The Home Office-backed agreement was finalized around a year ago with Twitter, TikTok, Instagram, Facebook and YouTube.

Acting on intelligence supplied by the NCA, the social media firms have during the intervening time removed or suspended over 3300 posts, pages or accounts associated with people smuggling and organized crime, the agency claimed.

“The past year has seen a strong partnership develop between ourselves and the main social media companies, with the aim of preventing organized crime groups utilizing their platforms. Our understanding is growing all the time, and we now have a solid foundation which we can build on by working together,” said NCA director of threat leadership, Chris Farrimond.

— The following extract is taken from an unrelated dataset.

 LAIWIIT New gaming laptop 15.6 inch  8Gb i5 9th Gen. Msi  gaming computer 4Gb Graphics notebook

“Tragically this last year has also seen a number of fatalities both in the English Channel and further afield in the Mediterranean. This hammers home to us all the need to do more to stop these crime groups who treat their fellow humans as a commodity to be profited from with no regard for their safety or security.”

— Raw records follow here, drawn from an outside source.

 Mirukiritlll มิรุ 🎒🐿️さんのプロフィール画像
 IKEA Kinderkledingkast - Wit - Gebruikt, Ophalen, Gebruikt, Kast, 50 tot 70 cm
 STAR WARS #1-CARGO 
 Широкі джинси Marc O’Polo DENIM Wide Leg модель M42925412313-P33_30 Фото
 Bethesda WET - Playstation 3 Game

Read more on tech’s role in human trafficking: Europol “Hackathon” Identifies Scores of Human Trafficking Victims.

The NCA said it currently has over 90 investigations open into networks or individuals in “the top tier” of people smuggling or human trafficking – the highest since the agency was founded nearly a decade ago.

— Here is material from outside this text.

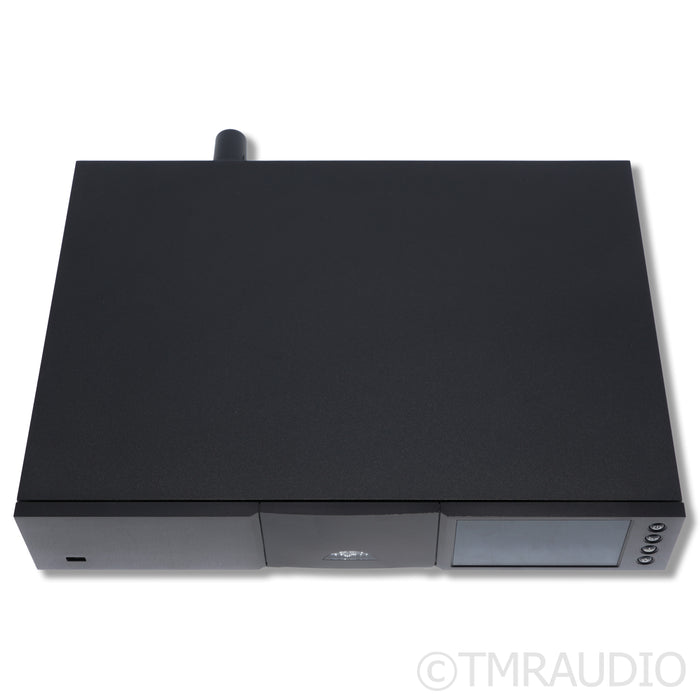 Naim NDX 2 Network Streamer (0/2)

Immigration minister, Robert Jenrick, said a new Illegal Migration Bill would give immigration officers new powers to seize electronic devices from people who come to the UK illegally, enabling them to track the people smugglers who made it possible.

Yet the same bill has been widely criticized, including by the United Nations refugee agency, for preventing legitimate asylum seekers from claiming refuge in the country. That in turn would only swell the numbers desperately turning to human traffickers, it has been argued.